Ekolojik YaşamGünün ManşetiTürkiye

‘İstanbul sürdürülebilir bir kent değil’

0

Kentsizleşme Tasarım Atölyesi’nin gerçekleştirdiği ‘İstanbul’u Kentsizleştirme Raporu’na göre, mevcut kentleşme ve yan ürünleri olarak endüstriyel tarım, petrol bağımlılığı, iklim krizi, yoksullaşma, göç ve sosyal çatışmalarla ilgili bir vizyon belirlenmemesi halinde, kentin birçok yerinde sosyal ve ekolojik anlamda çöküş yaşanması kaçınılmaz.

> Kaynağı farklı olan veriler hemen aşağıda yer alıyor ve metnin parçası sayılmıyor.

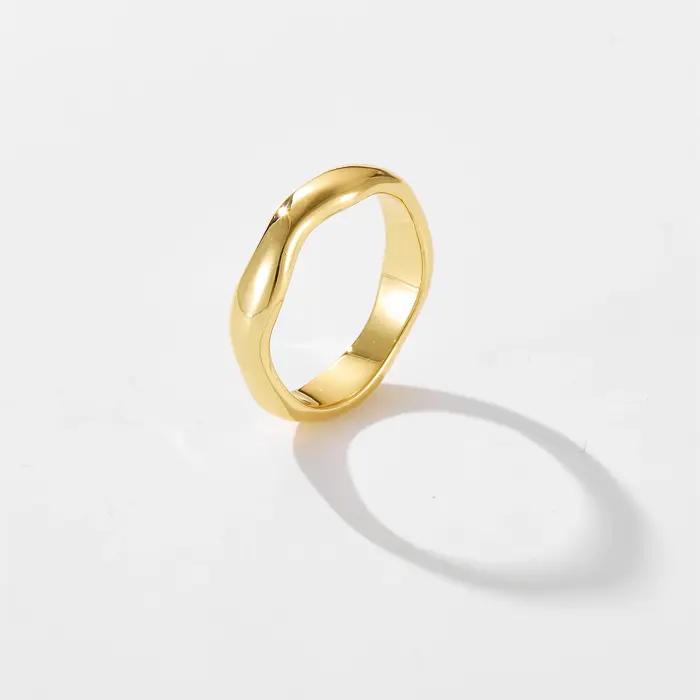 Bague géométrique en argent regardé 100% pour femme
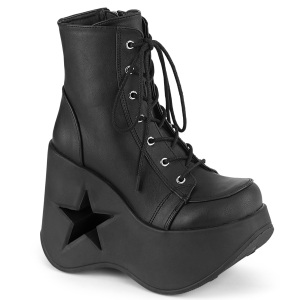 Vegan emo 13 cm DYNAMITE-106 Demonia wedge plateauboots schwarz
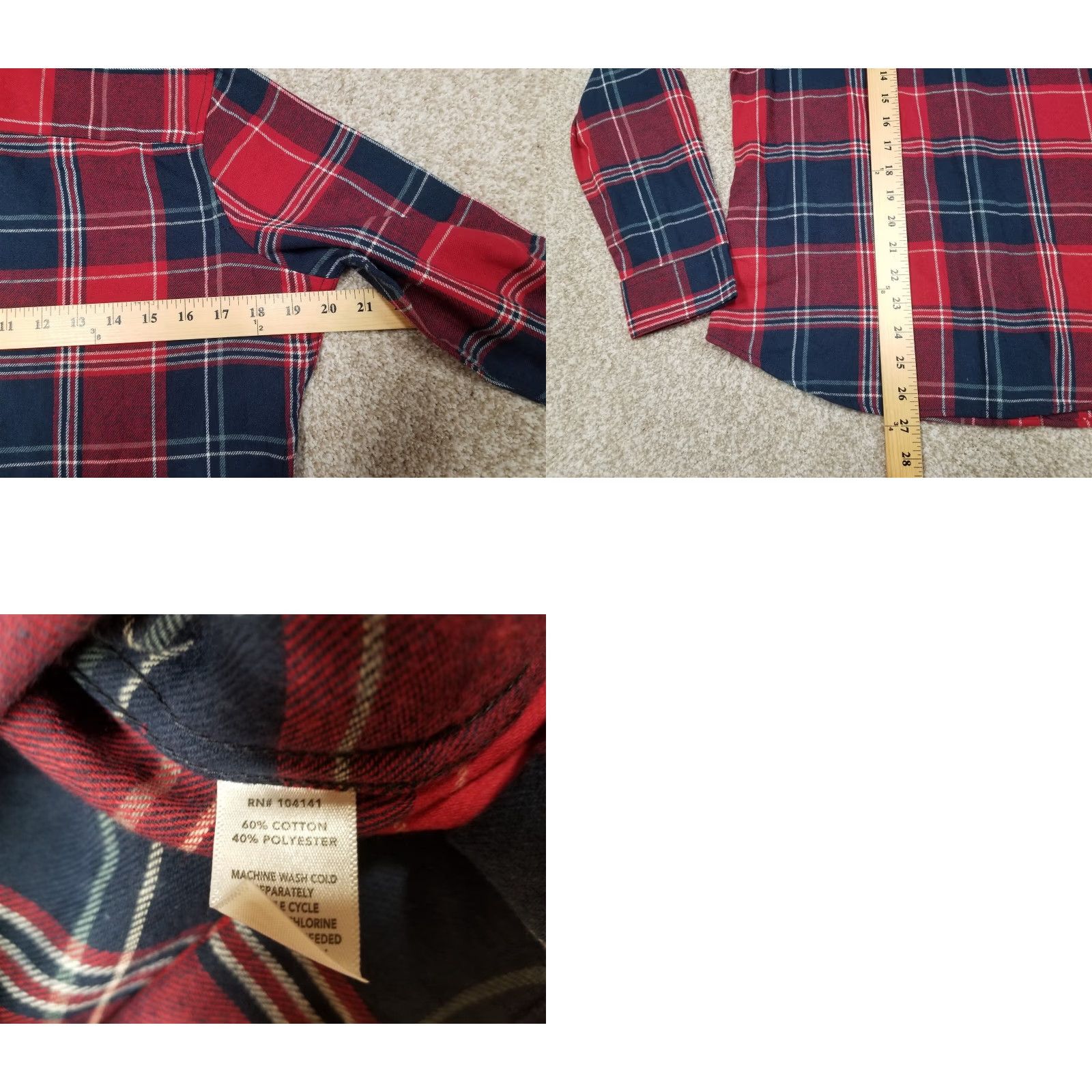 Vintage VINTAGE Field & Stream Shirt Womens Small Blue Red Plaid Long Sleeve Button Casual Top Size S / US 4 / IT 40 - 8 Thumbnail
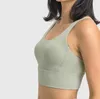 Women Fitness Bra Tops Cew Neck Fintness Tank Vest Skin Friendly Workout Breatble Crisscross snabb torr topp Kvinna LL602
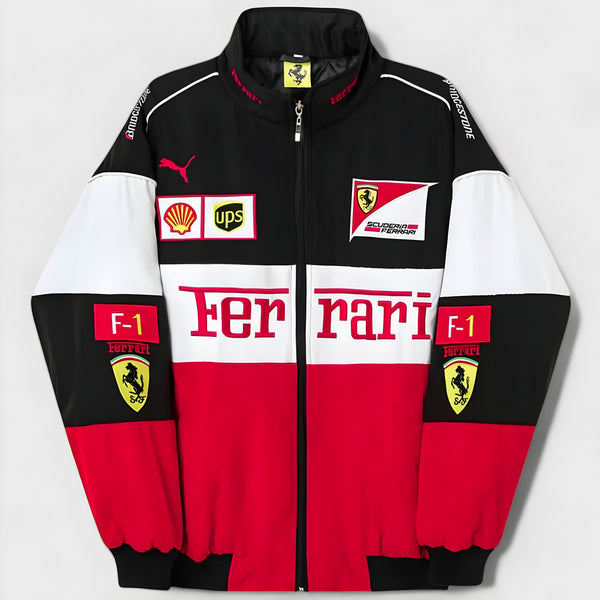 Giacca Ferrari vintage unisex – stile retro racing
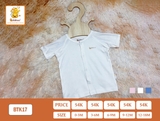 Áo sơ sinh cài giữa tay ngắn Babiboo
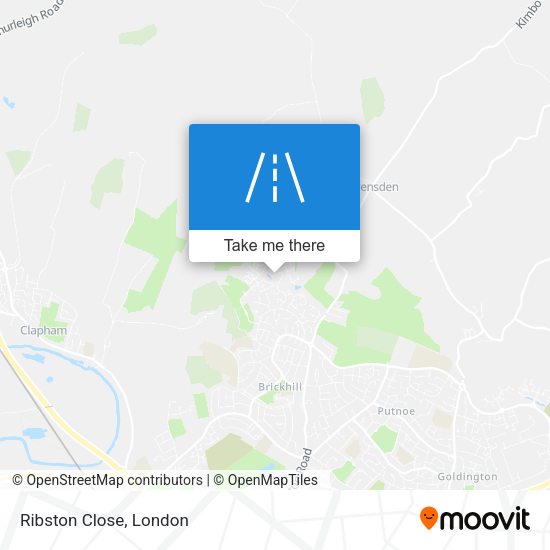 Ribston Close map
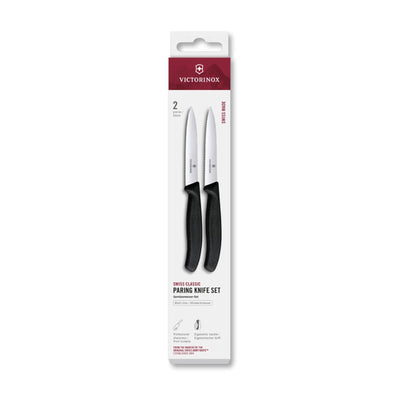 Victorinox Schälmesser 2 Stück schwarz 10cm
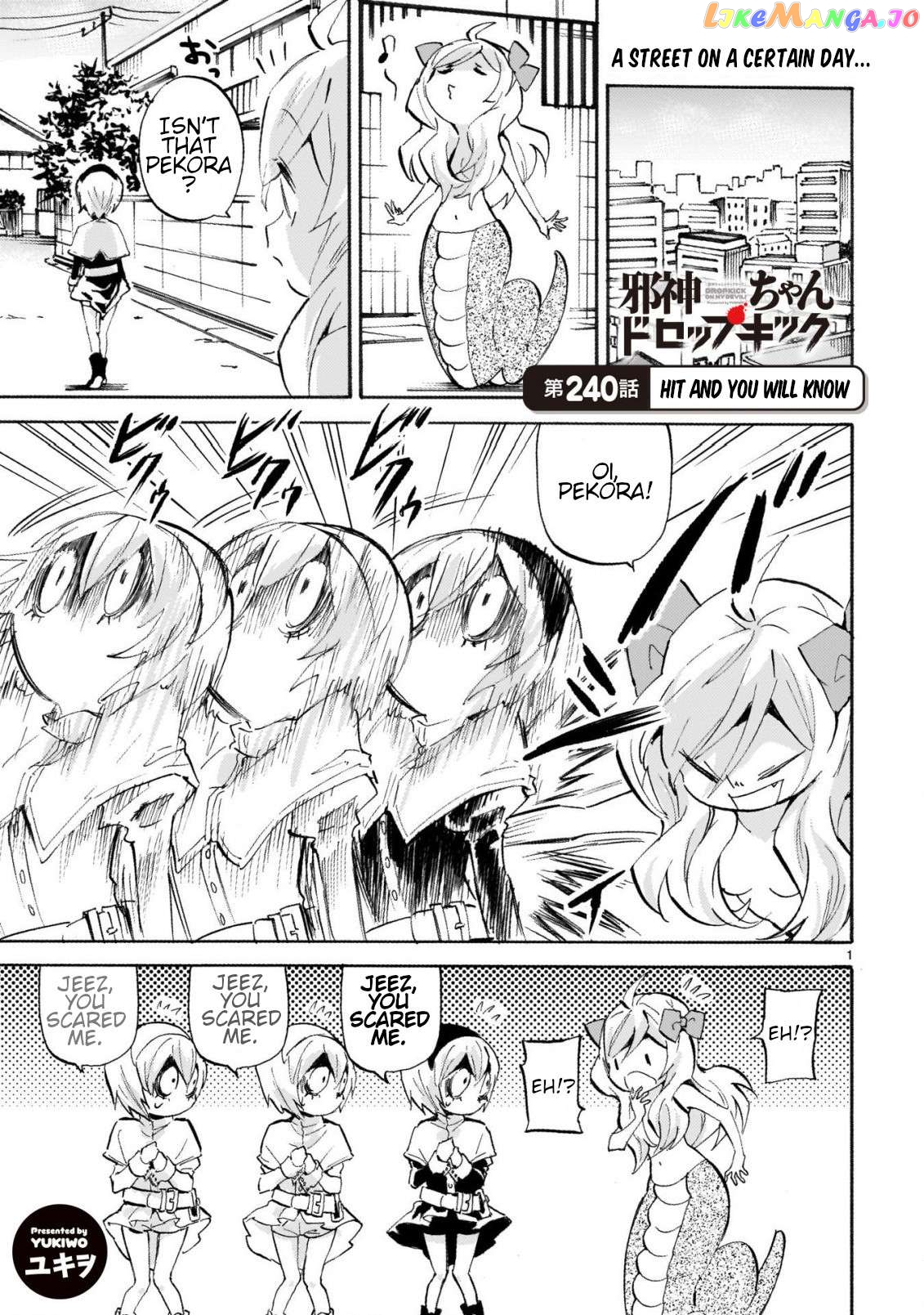 Jashin-chan Dropkick Chapter 245 - page 1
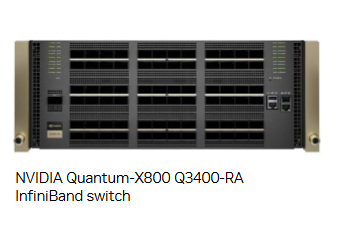 Commutateur NVIDIA Quantum-X800 InfiniBand Q3400-RA Q3400-RA by Nvidia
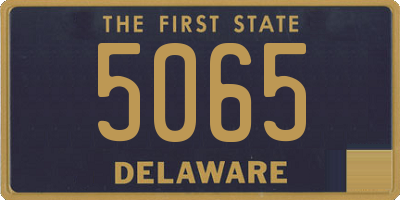 DE license plate 5065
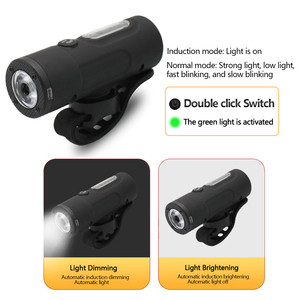 <strong>Cycle</strong> Zone Sensor ABS Bicycle Headlights <strong>4000</strong> Lumens Waterproof USB Rechargeable XPE <strong>LED</strong> Battery Night Riding - Product Image 4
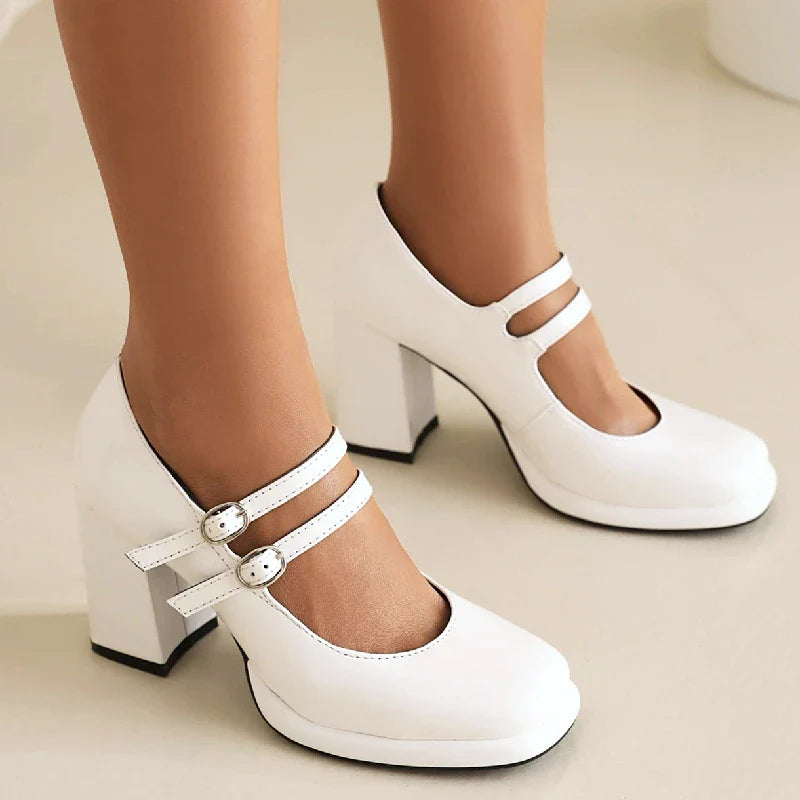 Straps Mary Janes High Heels Platform Shoes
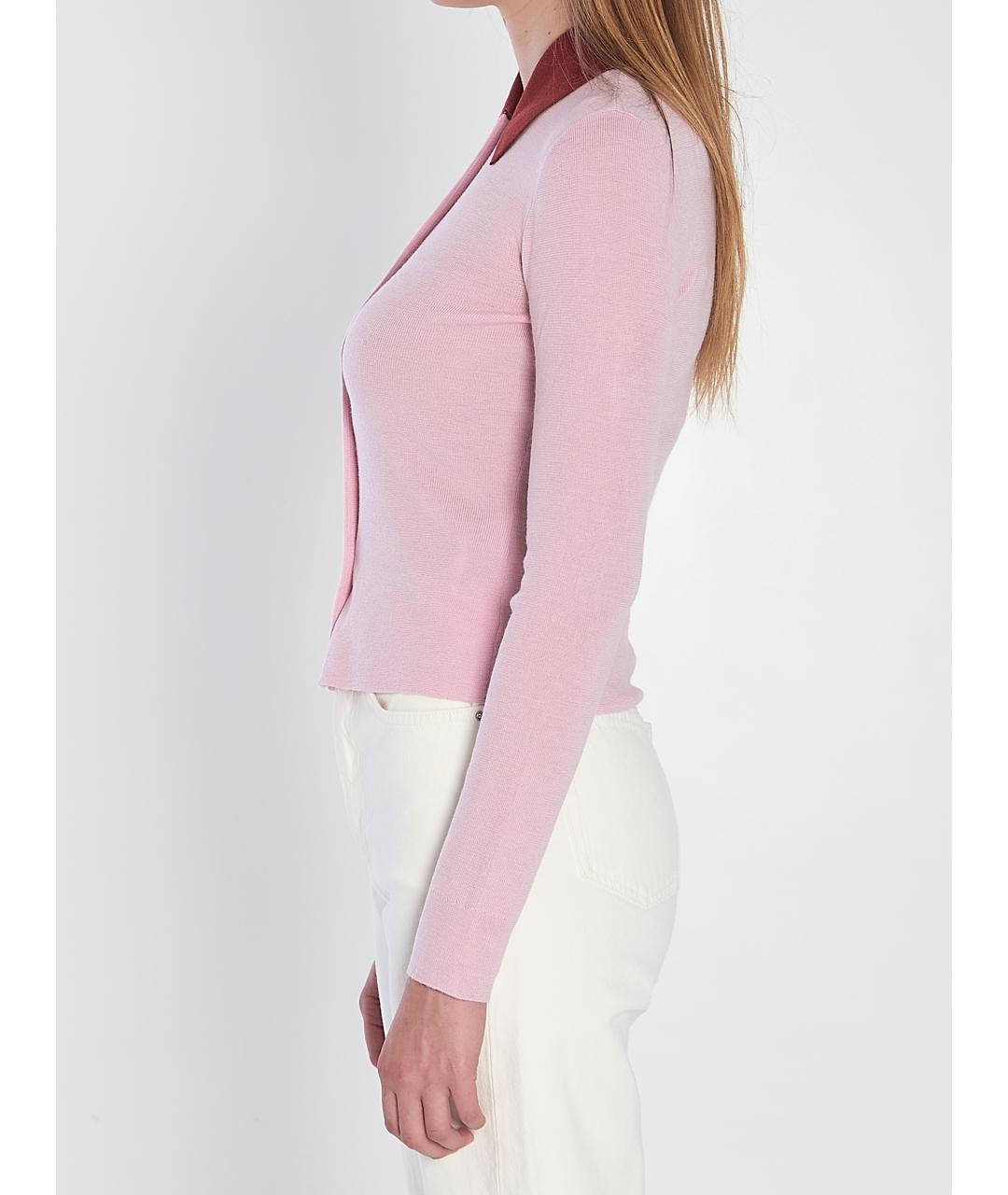 SELF-PORTRAIT Розовый шерстяной кардиган, фото 4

Kentsizleşme Tasarım Atölyesi (De-Urban Design Studio) tarafından gerçekleştirilen ‘İstanbul’u Kentsizleştirme’ çalışmasının raporu yayımlandı. Girne Amerikan Üniversitesi, Tasarım Atölyesi- Kadıköy ile Kadıköy Belediyesi’nin de katkılarıyla haziran –temmuz aylarında düzenlenen ve Kadıköy-Kurbağalıdere çevresi özelinde çalışılan proje kapsamında, İstanbul’un mevcut durum analizi ve çözüm önerileri sıralandı.

Doç. Dr. Hossein Sadri ve Doç. Dr. Senem Zeybekoğlu’nun yürütücülüğünde hayata geçirilen projede İstanbul’a ilişkin yapılan saptamalar şöyle:

“İstanbul’un sosyal ve ekolojik yapısının analizi, mevcut kentleşmenin yan ürünleri olarak endüstriyel tarım, petrol bağımlılığı, kirlilik, iklim krizi, yoksullaşma, göç ve sosyal çatışmalar gibi sorunları beraberinde getirdiğini göstermektedir. İstanbul’un mevcut sosyal ve ekonomik durumu, başta Türkiye olmak üzere dünyanın birçok kentinin fakirleşmesine neden olan insan, bilgi ve sermayenin göçüyle oluşmaktadır. Bu durum, giderek  kentte yaşayanlar  arasında sosyal adaletsizliğin artmasına, az gelirli ve incinebilir grupların yaşamının zorlaşmasına sebep olmakta ve ekolojik yıkımı beraberinde getirmektedir.Tüm bu sebeplerden dolayı da mevcut durum kabul edilebilir ve sürdürülebilir değildir.”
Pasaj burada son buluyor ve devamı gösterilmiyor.